[To do] What is needed is a faithful transcription of all the data below, pictures excluded.

[Data for review]
────────

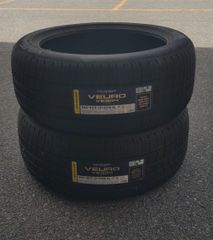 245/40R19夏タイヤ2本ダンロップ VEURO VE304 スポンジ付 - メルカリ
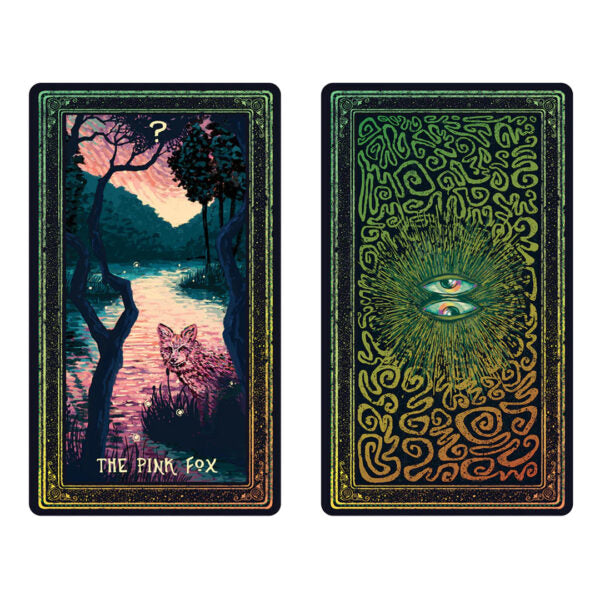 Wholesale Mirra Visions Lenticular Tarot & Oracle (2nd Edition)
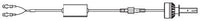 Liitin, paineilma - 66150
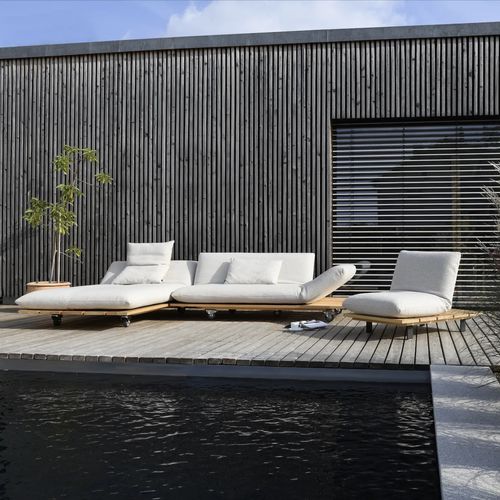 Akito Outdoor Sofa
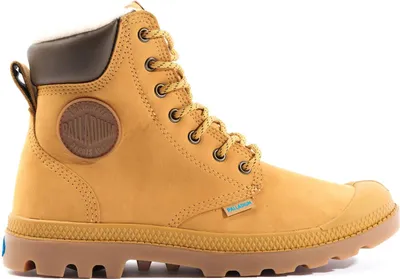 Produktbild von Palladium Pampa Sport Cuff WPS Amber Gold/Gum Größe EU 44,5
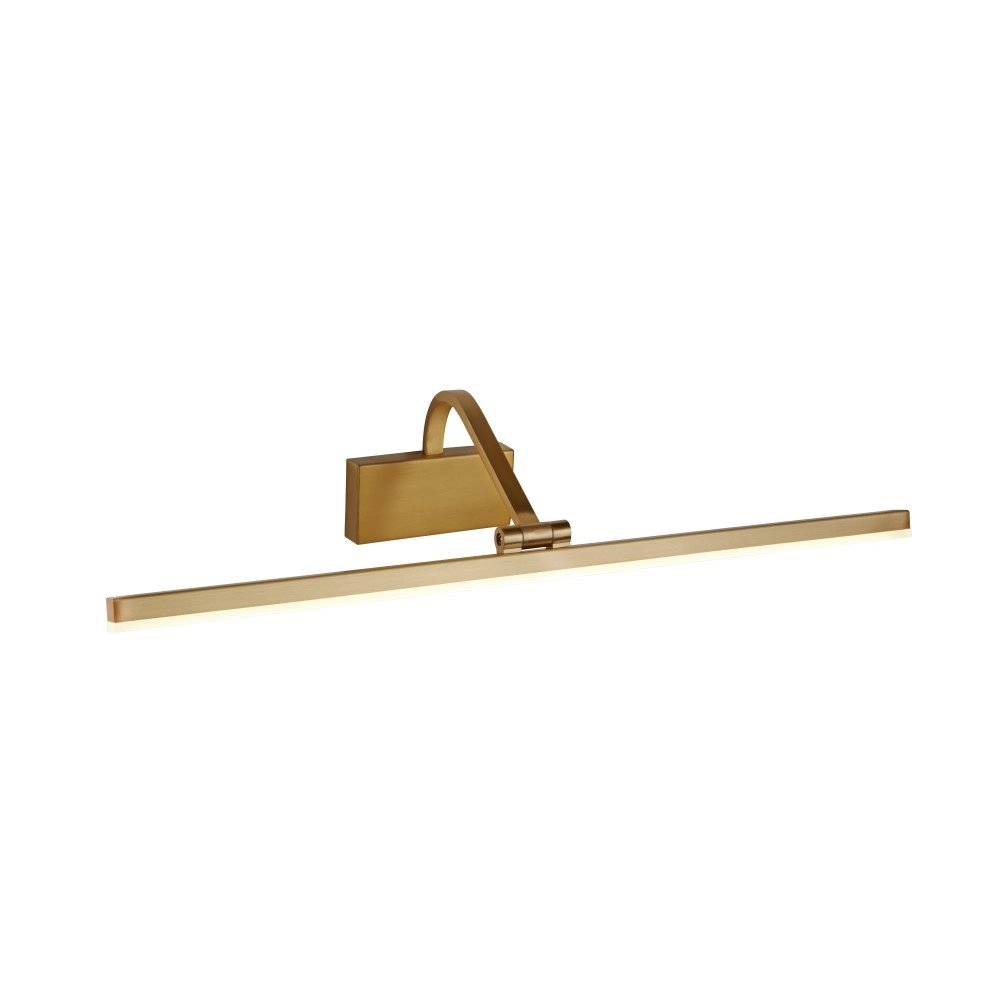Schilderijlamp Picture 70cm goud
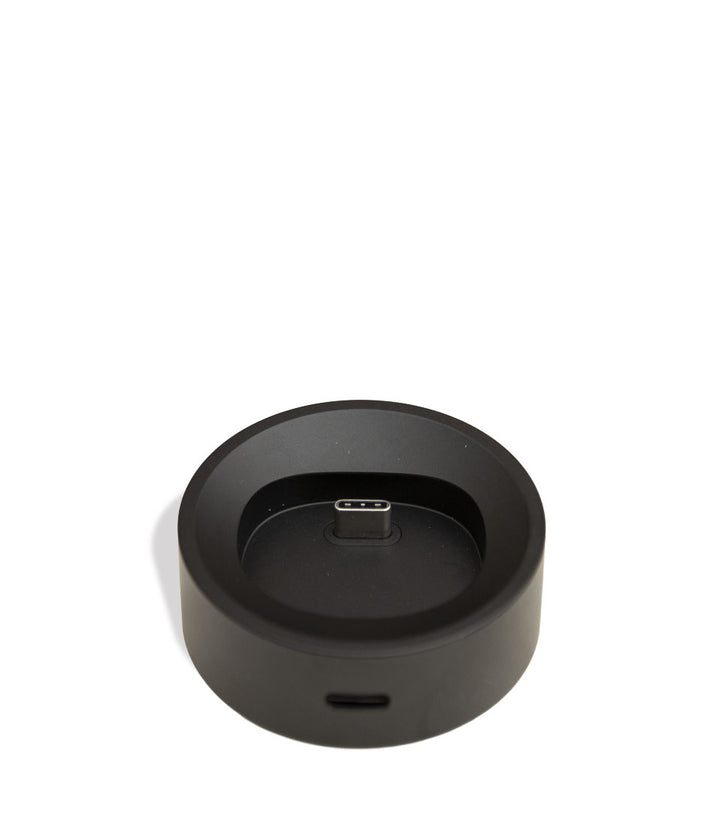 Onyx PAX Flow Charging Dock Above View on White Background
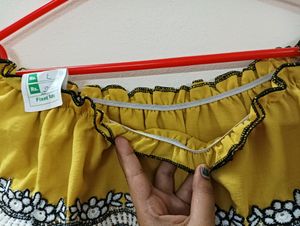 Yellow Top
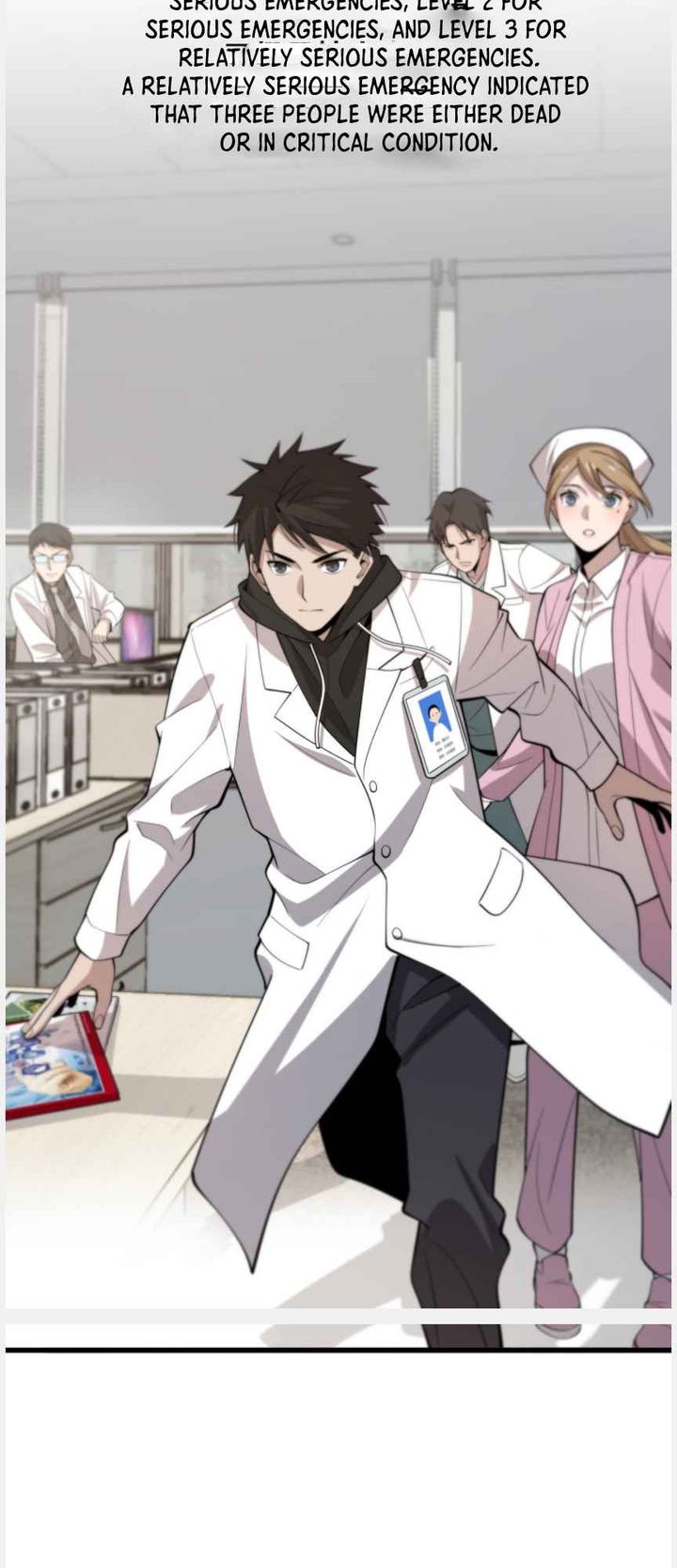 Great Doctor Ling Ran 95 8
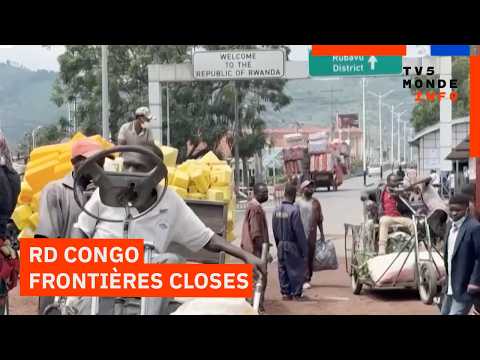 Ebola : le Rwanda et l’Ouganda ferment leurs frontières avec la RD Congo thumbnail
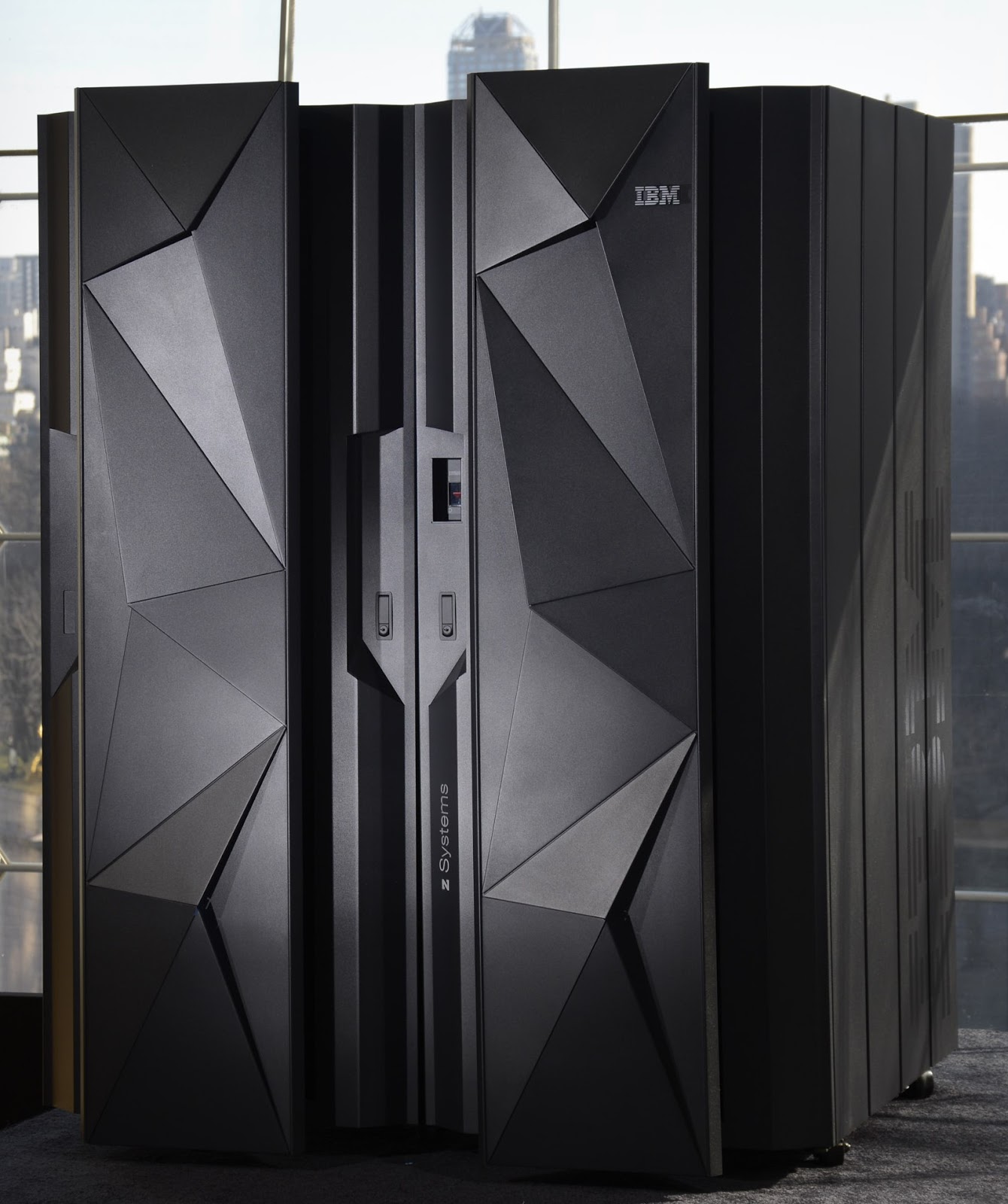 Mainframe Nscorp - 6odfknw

────────

[Written answer]
 245/40R19夏タイヤ2本ダンロップ VEURO VE304 スポンジ付 - メルカリ
 Wholesale Mirra Visions Lenticular Tarot & Oracle (2nd Edition)
 Liitin, paineilma - 66150
 Akito Outdoor Sofa
 Produktbild von Palladium Pampa Sport Cuff WPS Amber Gold/Gum Größe EU 44,5
Schilderijlamp Picture 70cm goud
 Onyx PAX Flow Charging Dock Above View on White Background
 Yellow Top
 Great Doctor Ling Ran 95 8
 Ebola : le Rwanda et l’Ouganda ferment leurs frontières avec la RD Congo thumbnail
 Mainframe Nscorp - 6odfknw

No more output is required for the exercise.